**Dataset extract:**
***

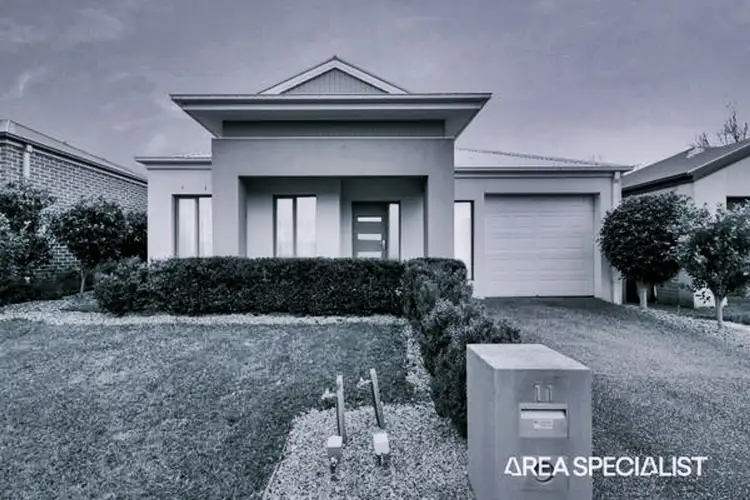 11 Flinders Park Drive
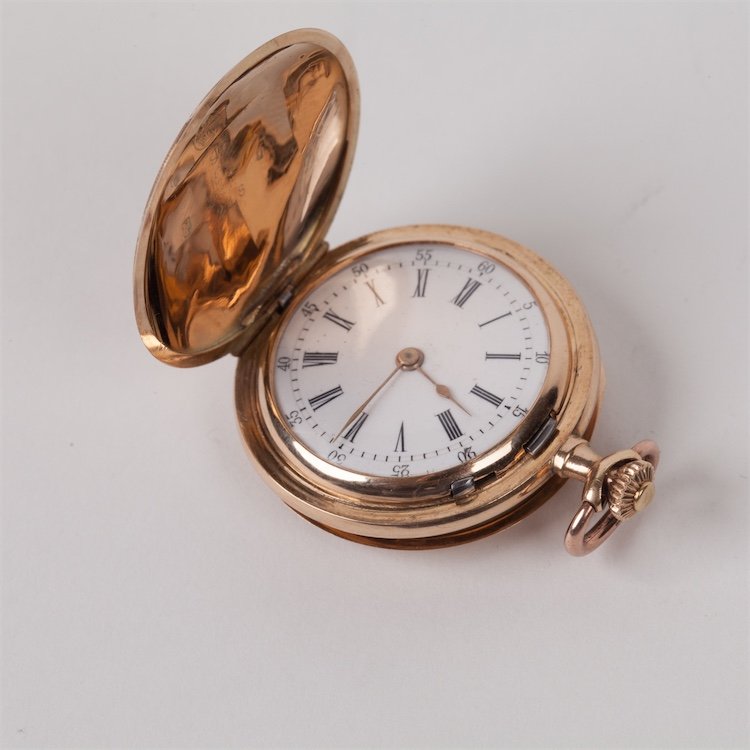 Gold pocket watch "Remontoir cylindre". — image 1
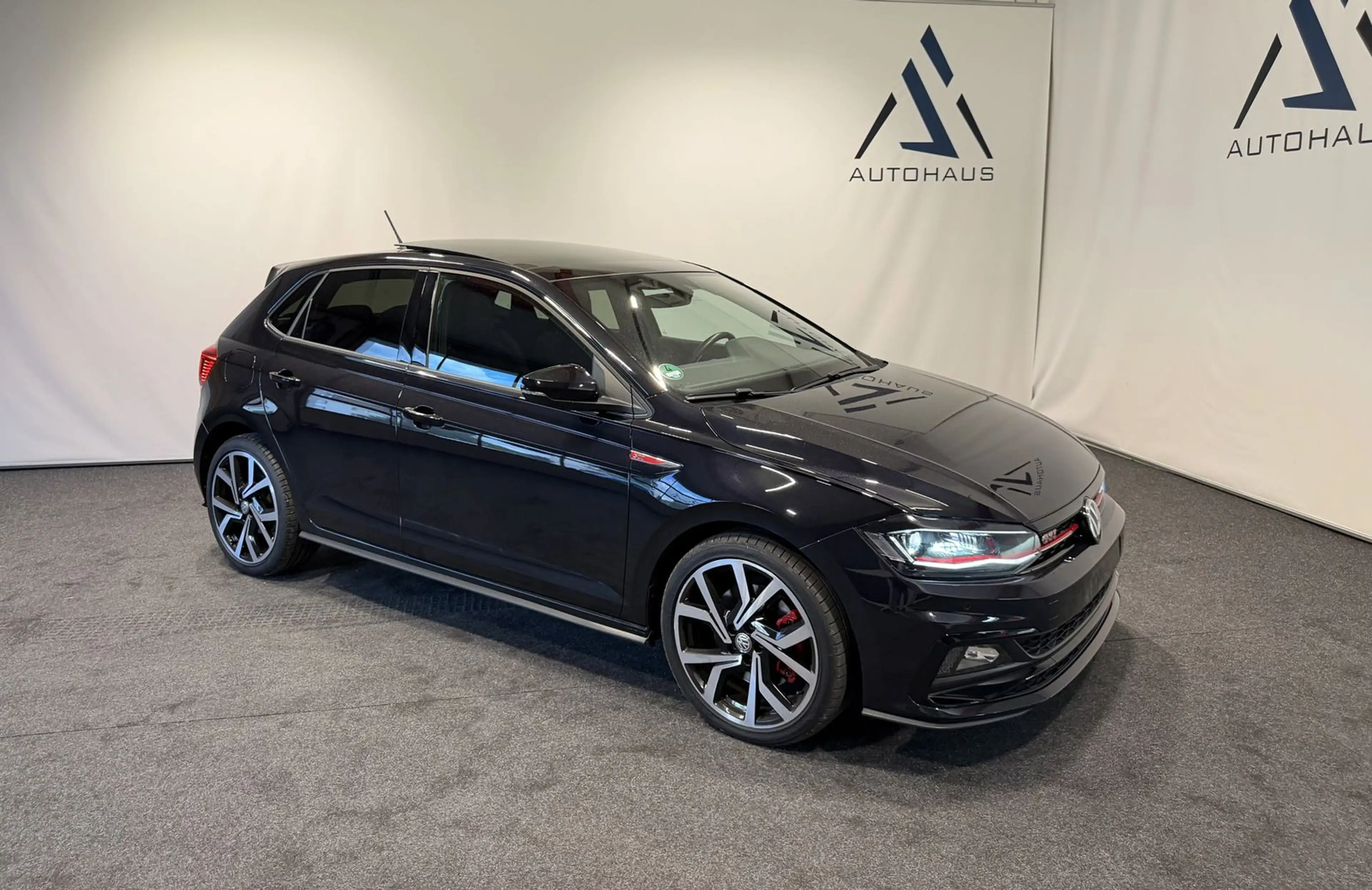 Volkswagen Polo GTI Autom 1.Hand Virtuelle PANO Navi LED — photo 2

***

**Problem to solve:**
Without the pictures, transcribe the listing exactly as it stands.

**Written solution:**
 11 Flinders Park Drive
 Gold pocket watch "Remontoir cylindre". — image 1
 Volkswagen Polo GTI Autom 1.Hand Virtuelle PANO Navi LED — photo 2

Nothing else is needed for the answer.